Rafa Gaussian - mean = 10, SD = 1.5

Djokovic Gaussian - mean = 12, SD = 2.5

From this how would you estimate the pre match odds for the Most Aces market if:

1). You have all 1200 data points and you use them once?

2). You have all 1200 data points and you can sample from 
    them more than once?

3). The same players were rookies and you only had 20 
    available data points from the sample?

Generate the Distributions

First lets generate the two distributions.

import pandas as pd
import numpy as np

# For repeatability
np.random.seed(seed=10)

# State the distribution parameters
rafa_mu = 10
rafa_sd = 1.5
djoko_mu = 12
djoko_sd = 2.5

# Generate the distributions
rafa_dist = np.random.normal(rafa_mu, rafa_sd, 1200)
djoko_dist = np.random.normal(djoko_mu, djoko_sd, 1200)

# Save distributions in a df (easier for visualisations later)
dist_df = pd.DataFrame(list(zip(rafa_dist, djoko_dist)),
                      columns = ['Rafa Aces', 'Djoko Aces'])

View the Distributions

import matplotlib.pyplot as plt
import seaborn as sns

# Seaborn distribution plot
sns.displot(dist_df, kind='hist', stat = 'density', kde=True, height=4, aspect=2)
plt.title("Aces Distributions")
plt.xlabel("Aces")
plt.show()

png

This figure shows a histogram of the distribution of each players aces from their respective sample distributions, with a kernel density estimate (KDE) plot overlayed.
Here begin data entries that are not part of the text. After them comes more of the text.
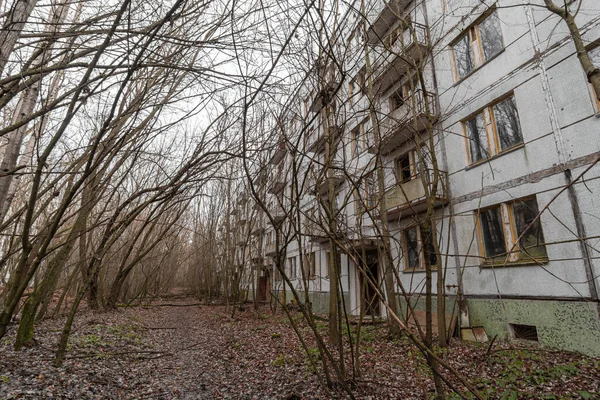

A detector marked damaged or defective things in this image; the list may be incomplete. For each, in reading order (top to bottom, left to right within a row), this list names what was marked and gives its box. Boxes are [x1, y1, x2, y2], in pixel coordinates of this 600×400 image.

broken window [452, 9, 504, 80]
broken window [464, 93, 520, 163]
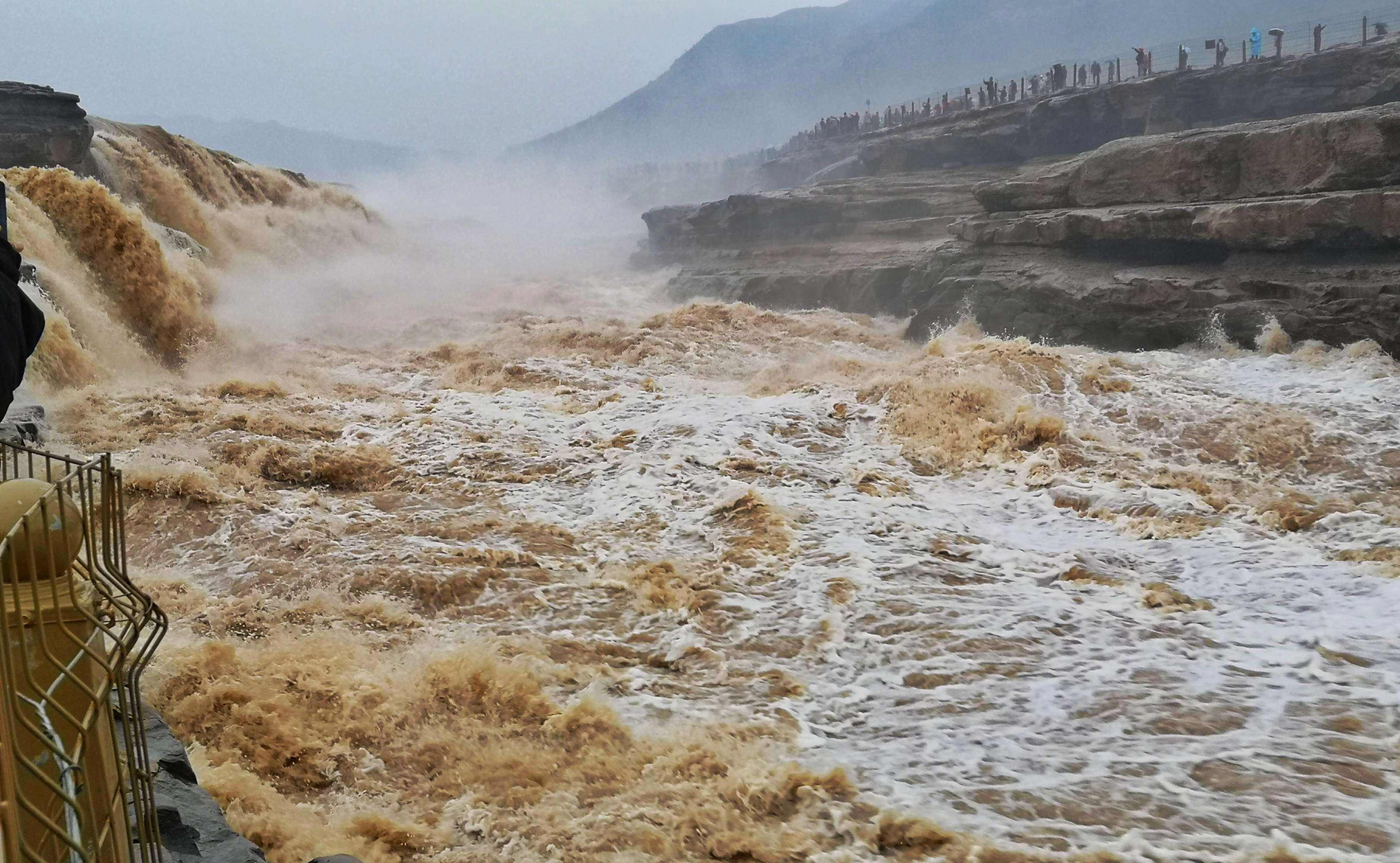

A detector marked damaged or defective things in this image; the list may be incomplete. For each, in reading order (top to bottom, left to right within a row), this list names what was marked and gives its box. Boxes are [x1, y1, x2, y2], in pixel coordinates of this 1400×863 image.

rusty metal cage [0, 444, 166, 861]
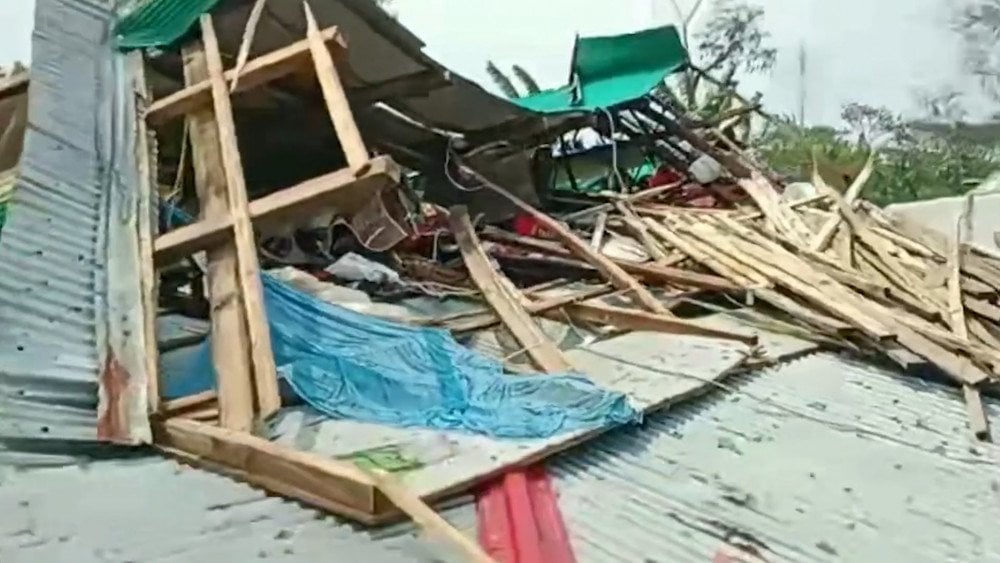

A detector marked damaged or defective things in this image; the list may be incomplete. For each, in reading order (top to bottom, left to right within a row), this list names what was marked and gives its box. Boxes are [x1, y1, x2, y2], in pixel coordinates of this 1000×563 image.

broken wooden plank [143, 26, 348, 125]
broken wooden plank [304, 1, 372, 172]
broken wooden plank [183, 41, 256, 434]
broken wooden plank [200, 14, 282, 418]
broken wooden plank [151, 156, 398, 266]
broken wooden plank [450, 207, 576, 374]
broken wooden plank [548, 302, 756, 346]
broken wooden plank [152, 418, 382, 524]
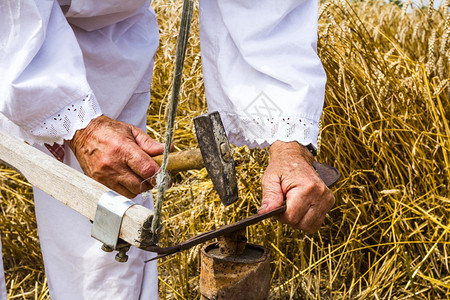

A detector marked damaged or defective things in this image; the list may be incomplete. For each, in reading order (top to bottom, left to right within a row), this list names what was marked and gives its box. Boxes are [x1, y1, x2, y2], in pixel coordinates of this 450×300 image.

rusty metal [193, 112, 239, 206]
rusty metal [200, 241, 270, 300]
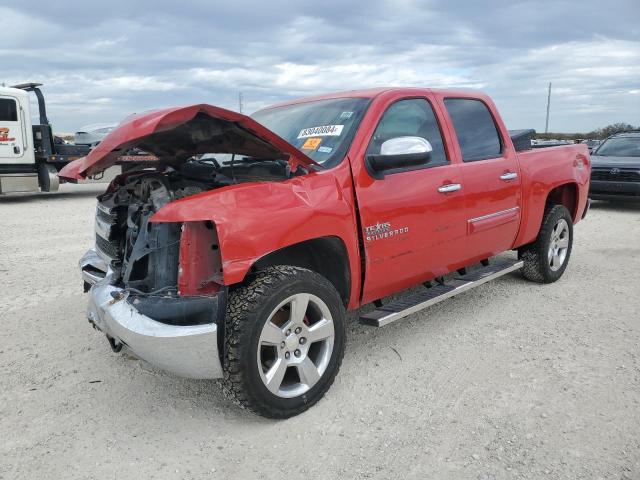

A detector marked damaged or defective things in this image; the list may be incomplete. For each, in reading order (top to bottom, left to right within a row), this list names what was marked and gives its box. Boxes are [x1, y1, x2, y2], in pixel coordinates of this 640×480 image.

crumpled bumper [80, 248, 225, 378]
damaged front end [75, 102, 318, 378]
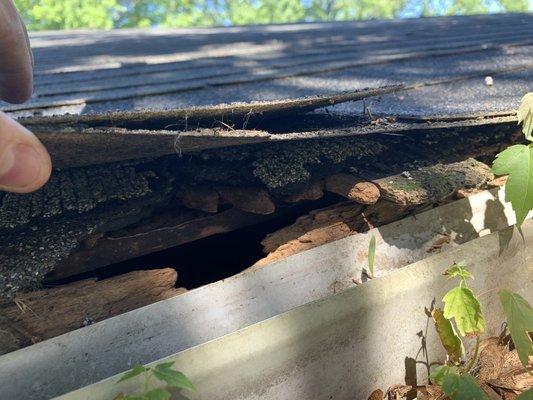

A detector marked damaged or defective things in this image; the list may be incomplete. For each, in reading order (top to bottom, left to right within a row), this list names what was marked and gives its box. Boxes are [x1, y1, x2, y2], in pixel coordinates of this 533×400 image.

splintered wood [0, 268, 185, 354]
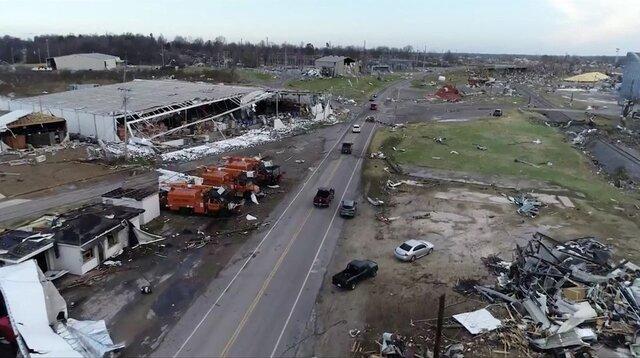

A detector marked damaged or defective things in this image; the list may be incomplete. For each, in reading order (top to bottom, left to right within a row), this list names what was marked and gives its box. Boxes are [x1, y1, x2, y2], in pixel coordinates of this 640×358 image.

damaged building [0, 79, 320, 145]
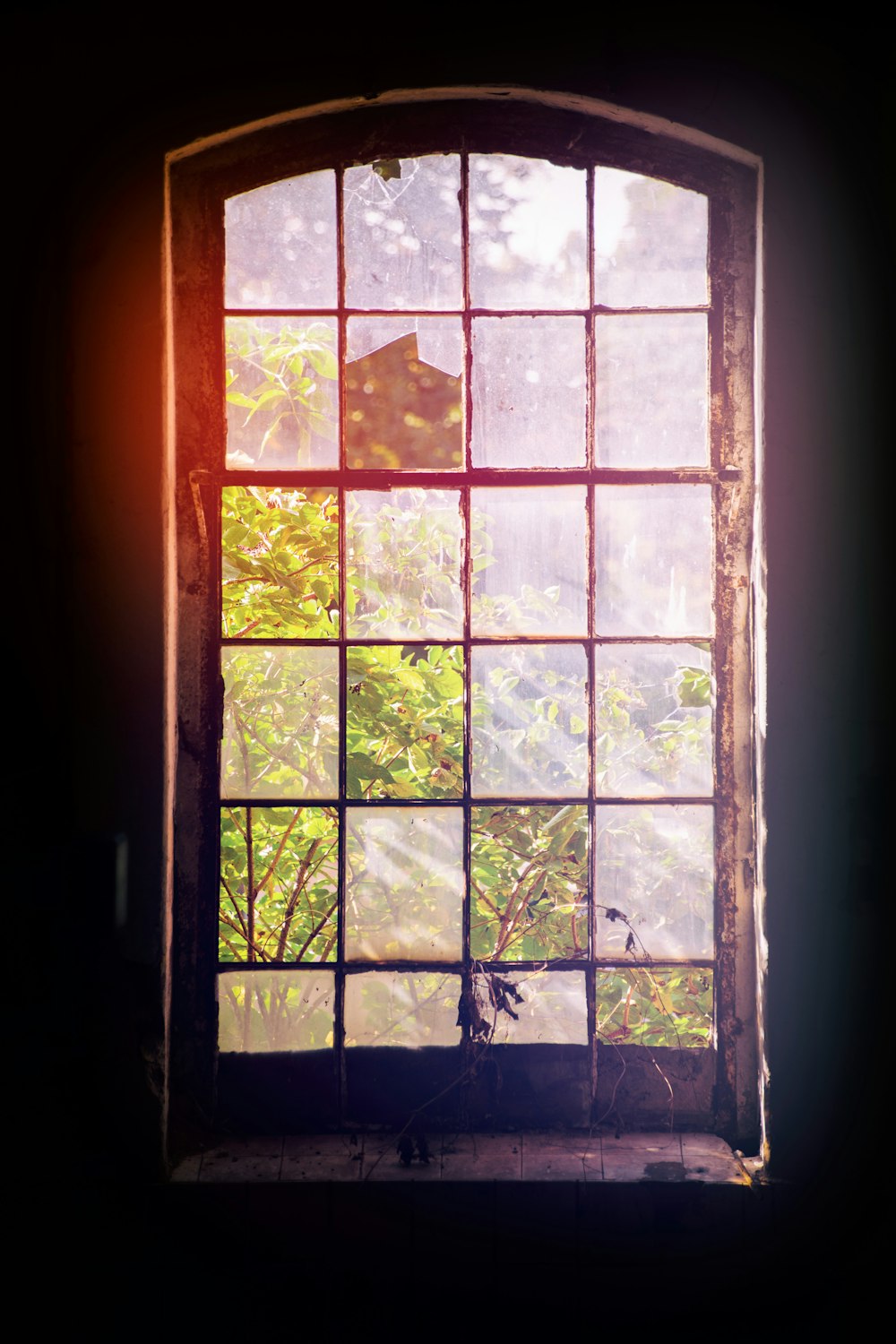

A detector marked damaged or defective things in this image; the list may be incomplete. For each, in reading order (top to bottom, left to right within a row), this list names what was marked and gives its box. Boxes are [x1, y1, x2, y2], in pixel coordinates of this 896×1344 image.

The KDE plots are not the exact normal distribution curves but in this case are acting as an approximation of one given we know the underlying samples came from a normal distribution.

Given our distribution parameters, as expected we can see that Rafas Aces samples cluster tighter around his mean of 10, while Djokovic has a wider variation around his higher mean of 12.

Calculate the Most Aces Probability

Attempt 1 - Use all data points once only

To begin lets use sampling without replacement.

# Set up and run trials
# For repeatability
np.random.seed(seed=10)

#Set up counts
rafa_win_1 = 0
djoko_win_1 = 0

# 1). Randomly sample from each list without replacement
rafa_list_1 = np.random.choice(rafa_dist, 1200, replace=False)
djoko_list_1 = np.random.choice(djoko_dist, 1200, replace=False)

length_1 = len(rafa_list_1)

for i in range(length_1):
    if rafa_list_1[i] > djoko_list_1[i]:
        rafa_win_1 = rafa_win_1 + 1
    else:
        djoko_win_1 = djoko_win_1 + 1
        
print("Nadal trial wins =",rafa_win_1)
print("Djokovic trial wins =",djoko_win_1)
Nadal trial wins = 309
Djokovic trial wins = 891

Now lets calculate the implied probability and convert to decimal odds.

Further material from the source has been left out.